#### [Try it]
Set down the lines below, exactly, starting at the one that contains "Bed Skirt Set💐🛏️" and stopping at the last line, inclusive. Omit pictures.

#### [Data provided]
+ + + + +

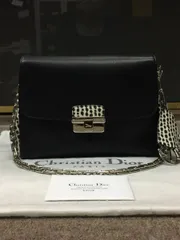 新品同様！格安！ディオール Diorling ディオリング ダルメシアン柄 レザー×パイソン チェーンショルダーバッグ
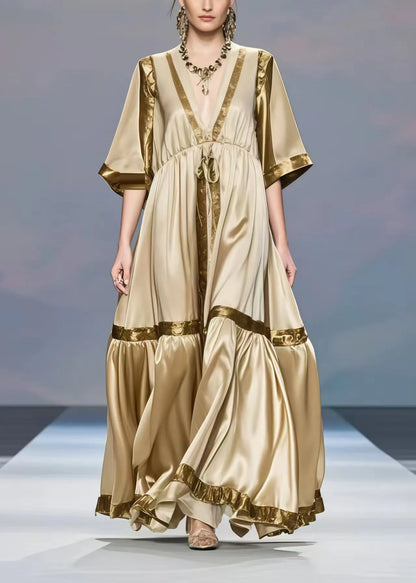 Khaki V Neck Patchwork Exra Large Hem Silk Long Dress Half Sleeve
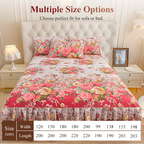 ⏳Limited-time 50% off⏰3-Piece Floral Ruffled Bed Skirt Set💐🛏️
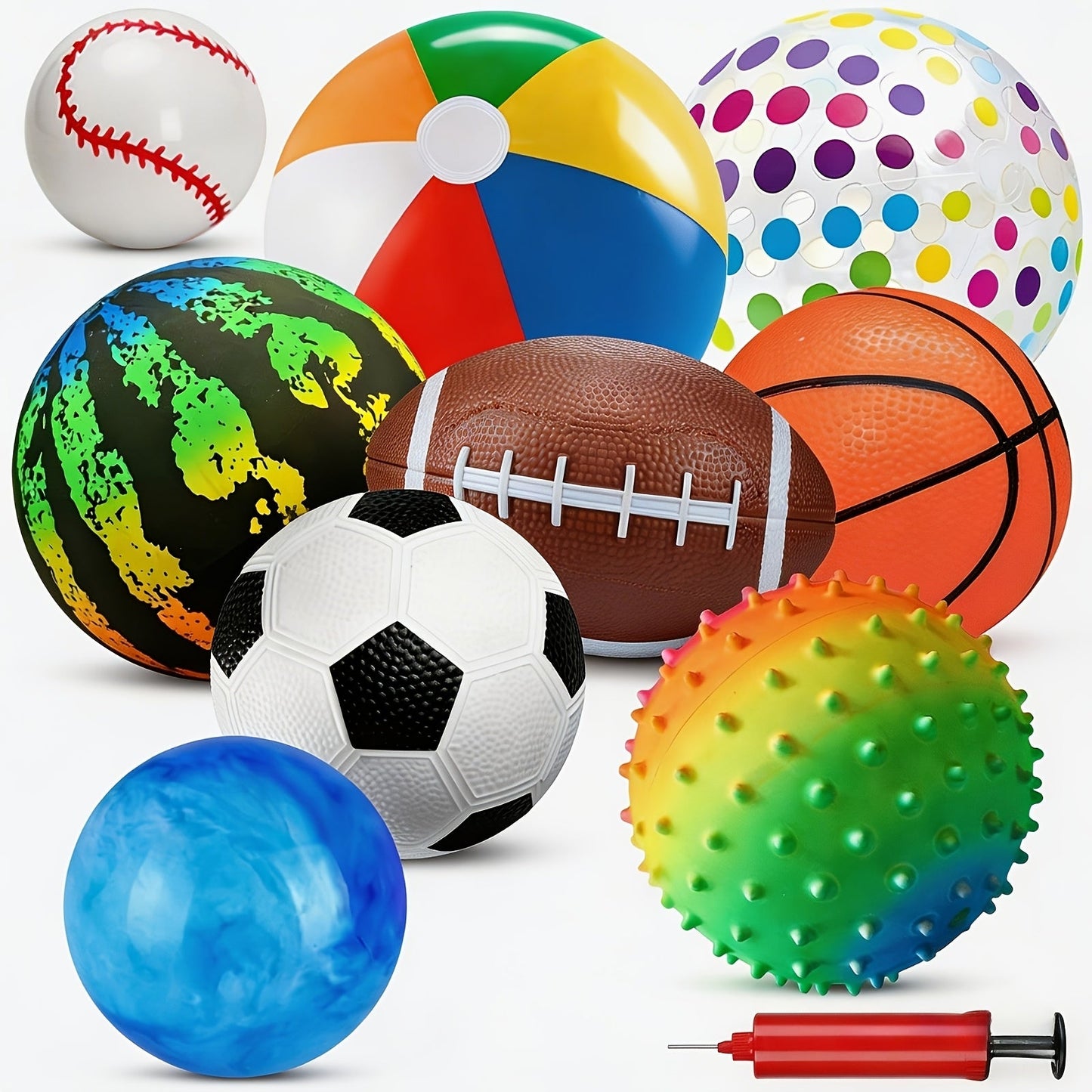 Nine-Piece Kids Playground Ball Set with Air Pump and Assorted Indoor or Outdoor Sports Ball Designs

+ + + + +

#### [Solution to the exercise]
 ⏳Limited-time 50% off⏰3-Piece Floral Ruffled Bed Skirt Set💐🛏️
 Nine-Piece Kids Playground Ball Set with Air Pump and Assorted Indoor or Outdoor Sports Ball Designs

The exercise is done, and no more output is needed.